The complex, right by the downtown BART station, will be an L-shaped building with one-, two-, and three-bedroom apartments. There will be three towers, one five or six stories high, another 13 stories tall, and a third on the corner of Allston and Harold Way that reaches 17 stories, according to Mark Rhoades, a former city of Berkeley planner whose company, Mark Rhoades Planning Group, will lead the entitlement process.

The new complex will also feature a rooftop garden, a fitness facility, a conference center, community room spaces, and four levels of underground parking, according to a press release issued Friday by HSR Berkeley Investments. The Hotel Shattuck Plaza, which sits on the same block but has different owners, will share some of the amenities.

The new units abutting Harold Way will be linked to the historic Hink’s building on Shattuck and the Hotel Shattuck Plaza by a 12,000 square foot, publicly accessible central courtyard with café seating, public art, lush landscaping, and art and music shows. The public will be able to enter the plaza from four different directions, including a refurbished entryway from the old Hink’s Department store.

“It’s going to create an urban experience that doesn’t exist right now in Berkeley,” said Rhoades.

A rendering of the view of Harold Way if The Residences at Berkeley Way are approved. Courtesy HSR Berkeley Investments

A rendering of the view of Harold Way if The Residences at Berkeley Way are approved. Courtesy HSR Berkeley Investments

The development, if approved, would dramatically transform Harold Way, a block-long street running between Kittredge Avenue and Allston Way. Currently, one side the of the street houses three structures belonging to Berkeley’s Nyingma Tibetan Buddhist community, including Dharma College and the Tibetan Buddhist bookstore. The other side of the street is the back of the Shattuck Cinemas and is mostly a blank wall. Under the plan submitted Thursday, Harold Way will become a string of stores and cafés, part of 12,000 square feet of retail in the building.

“There are a lot of spaces that are dead and are not being used,” said Gretchen Barth, who is working with HSR Berkeley Investments. “We hope to revive that area.”

The east side of Harold Way. Photo: Frances Dinkelspiel

The east side of Harold Way. Photo: Frances Dinkelspiel

The project will likely face some opposition from preservationists, including Berkeley Architectural Heritage Association, said Rhoades. To build it, the Shattuck Cinemas will have to leave. The developer wants to tear down the rear of the cinema, part of an addition designed by the architect Walter Ratcliff Jr. and constructed in 1923. Even though Berkeley has other examples of Ratcliff’s commercial buildings – including the Wells Fargo tower on Shattuck, preservationists have expressed concern about losing a landmarked structure, said Rhoades.

Hill Street Realty, which is the manager of HSR Berkeley Investments, bought the 92,000 square foot property from Marin County businessman Roy Nee less than a month ago.
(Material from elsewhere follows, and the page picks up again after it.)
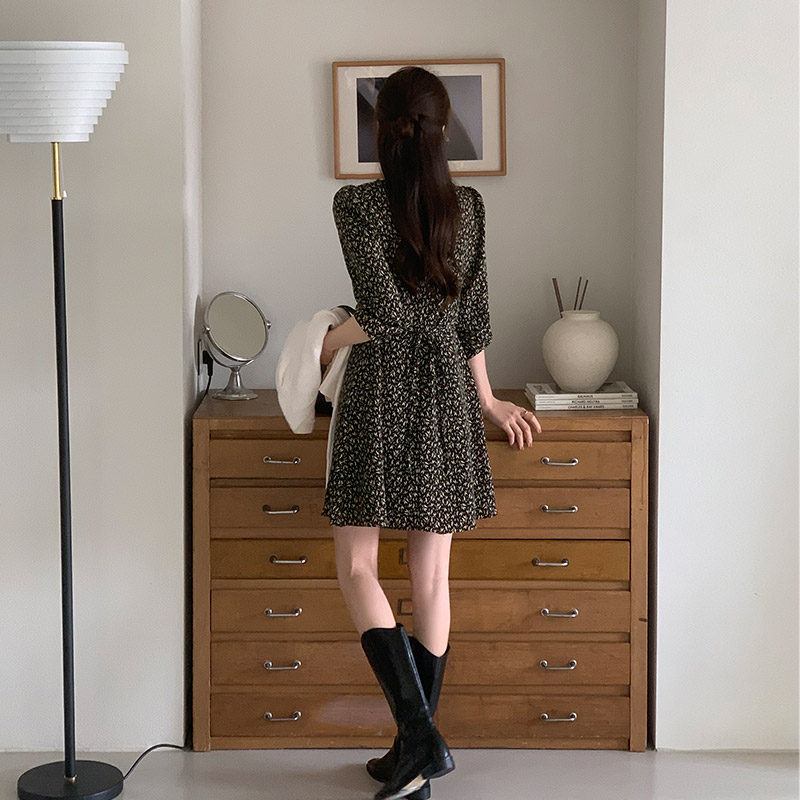 フラワーシャーリングミニワンピース｜ミニワンピース｜韓国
The group paid $20 million, or $217 a square foot, in the deal.

One of reasons the deal was appealing was because Berkeley voters approved Measure R in 2010, a broker for the deal told the San Francisco Business Times. Measure R led to the adoption of the Downtown Area Plan which permits the construction of up to three 180-foot buildings and four 120-foot buildings. (Two of those are reserved for the University of California)

To receive approval, the five non-university taller buildings must show “significant community benefits beyond what is otherwise required,” and provide affordable housing, social services, green features, open space, transportation demand management, job training and employment opportunities.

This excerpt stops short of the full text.